1894年甲午战争北洋水师全军覆没,严复在马尾船政学堂和留学英国的同学,以及在北洋水师学堂做总教习和总办(校长)时的学生,很多壮烈殉国,几十年心血毁于一旦,强国之梦轰然坍塌。严复椎心泣血,常常中夜起而大哭,哭而深思:大中华何以如此衰落!
严复留学英国,学的是海军,但他却用心观察英国社会和政治文化,阅读大量西方社会科学经典著作,思考中西差异。甲午战败后,严复不断深入思考,发表《论世变之亟》《原强》《救亡决论》等文章,系统比较中西社会文化差异,揭明中国国民性的不足,猛烈批判皇权专制和八股取士制度。他认识到甲午之败,非一朝一夕之故,政治上,“千因万缘,皆可归狱于君主”;人民皆奴隶,自然没有主人翁精神,与民主国家相战斗,无异于“驱奴虏以斗贵人,固何往而不败”。道德上,人心浇薄自私,军队将领腐败,私卖军火,贪污军饷,临阵互不接应,各顾其私。最顽之疾尚在学问上,民智低下,不足自存于物竞之际;“士大夫于时务懵然,绝不知病根所在,徒自头痛说头,脚疼说脚”。严复于是提出一系列石破天惊的思想主张:自由为体,民主为用;身贵自由,国贵自主;鼓民力、开民智、新民德(本文引述资料均出自福建教育出版社版《严复全集》《严复书信集》)。
但是,严复即使在最偏激的时候,也并非彻底否定旧学,只是认为其不适应于救亡图存的当时功利目的。《救亡决论》说旧学“非真无用也,凡此皆富强而后物阜民康,以为怡情遣日之用,而非今日救弱救贫之切用也”。1898年6月初发表《有如三保》一文,提出保国、保种、保教。《严复年谱》作者据此以为严复“力赞保国、保种之说,而反对保教”,其实是误解。严复反对甚至批判的是所谓的保教人士空言而无行,而不是反对儒教本身:“累孔教、废孔教,正是我辈。只须我辈砥节砺行,孔教固不必保而自保矣。”

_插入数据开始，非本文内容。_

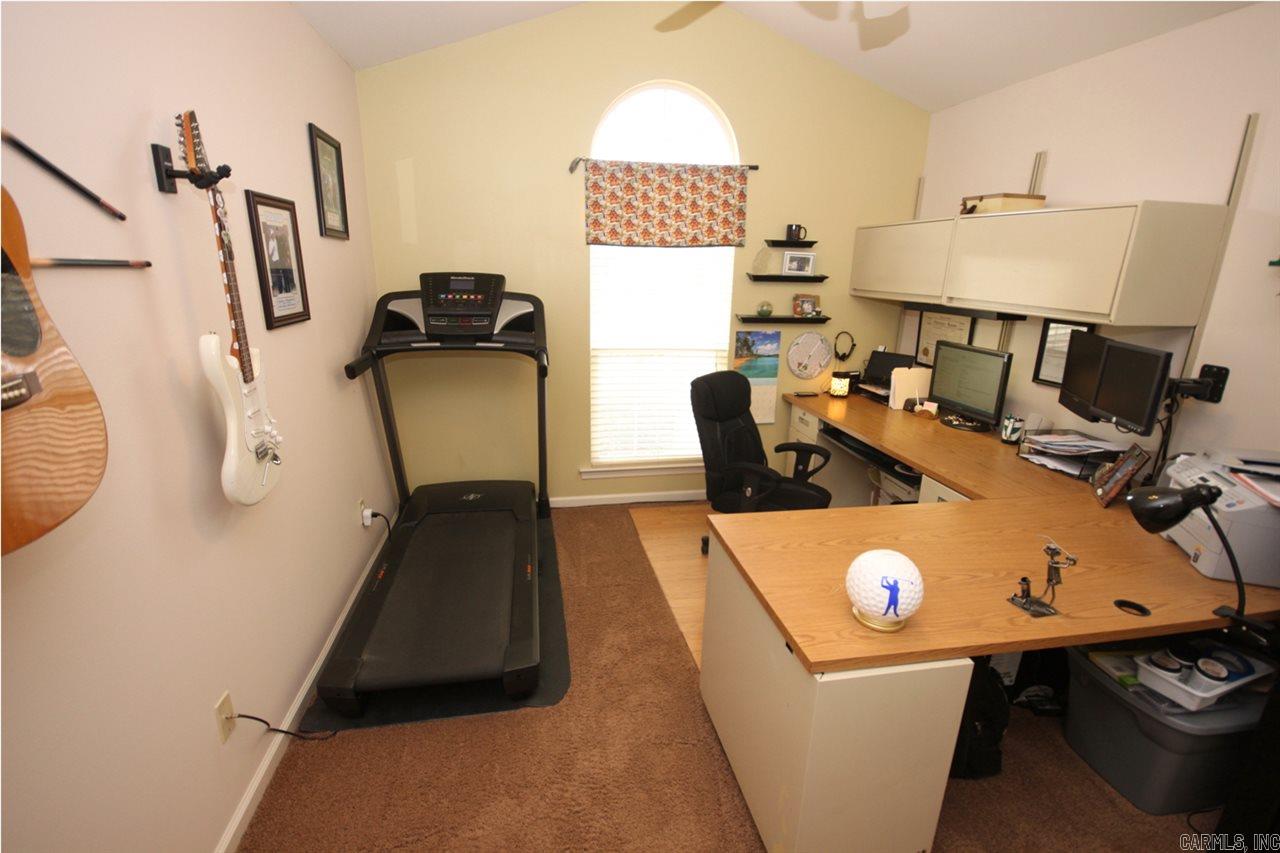 Stone Hill - Residential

同年,严复又作《保教余义》,补充阐述《有如三保》中的观点,认为“孔教专明人事,平实易行,而民智未开,虽为国教而民未能奉行”。还作《道学外传》《道学外传余义》讥讽腐朽没落了的伪道学,他并非反对真正的道学和宋儒,更不是否定以孔子为代表的的原始儒家。鲁迅的《孔乙己》有《道学外传》的影子,应是受严复启发,但主旨有所不同。

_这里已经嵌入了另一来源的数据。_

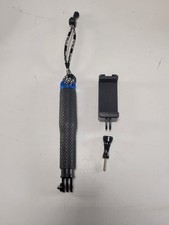 Waterproof Pole Selfie Stick Pocket Size Underwater Handle Grip Monopod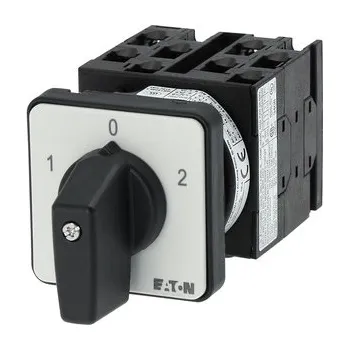Stavebniny EATON Spínač T0-4-8213/E 31726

戊戌变法以后,严复的激进思想有所改变,不再如前之偏激,对中国旧学有了更多的温情和敬意,即使在中华民族至暗时刻,严复也没有失去信心。1903年严复翻译《社会通诠》,作案语说:“窃料黄人前途,将必不至于不幸也。即使其民今日困于旧法,拘于积习之中,卒莫由以自拔,近果之成,无可解免,而变动光明,生于忧患,行且有以大见于世史,无疑也。”“一旦幡然,尽去腐秽,惟强之求,真五洲无此国也,何贫弱奴隶之足忧哉!”1907年严复发表《丙午十二月念三日上海华童学堂散学演说》,批评那些食洋不化、数典忘祖,丧失文化自信的年轻人“略治数种科学,略通外洋历史,而于自己祖国之根原盛大,一无所知”。
进入民国之后,严复在中央教育会演说《读经当积极提倡》指出,虽然我们常恨中国民智程度低下,但是,“笃而言之,要为五洲开明种族”,此当归功于孔子之教化。“孔子生世去今二千四百馀年,而其教化尚有行于今者,岂非其所删修之群经,所谓垂空文以诏来世者尚存故耶!”“中国之所以为中国者,以经为之本原”“我辈生为中国人民,不可荒经蔑古”。
1917年严复致函熊纯如:“暮年观道,以为吾国旧法断断不可厚非,即他日中国果存,其所以存,亦恃数千年旧有之教化,决不在今日之新机。”1921年严复临终遗嘱:“须知中国不灭,旧法可损益,必不可叛。”
二、儒者的中西文化观和天演论
如何看待严复“企图以物竞天择适者生存的西式理念唤醒国人?”严复如何处理进化论与中国传统文化的关系?弄清这些问题,才能全面、正确理解严复。
严复认为天演论并非西方专利。1912年严复在教育部夏期讲演会上讲《进化天演》:“天演学说滥觞于周秦之间,中土则有老庄学者所谓明自然”;《老子》《庄子》“皆天演之精义,而最为深切著明者,尤莫若《周易》之始以乾坤,而终于既济未济。”严复还将天演进化思想融进儒家中庸之道,以中庸之道来对待进化论。严复1903年开始翻译《法意》,第二十四卷加案语:
君子之所以时中,而礼法不累于进化。至于愚不肖不然,或束于礼而失其所以为和,或畔于礼而丧其所以为安,由前将无进化之可言,由后将秩序丧亡而适以得乱。化不进者,久之则腐。乱者,拂戾抵突,势且不足以求存。凡此皆不足自宜于天演,而将为天择之所弃者矣。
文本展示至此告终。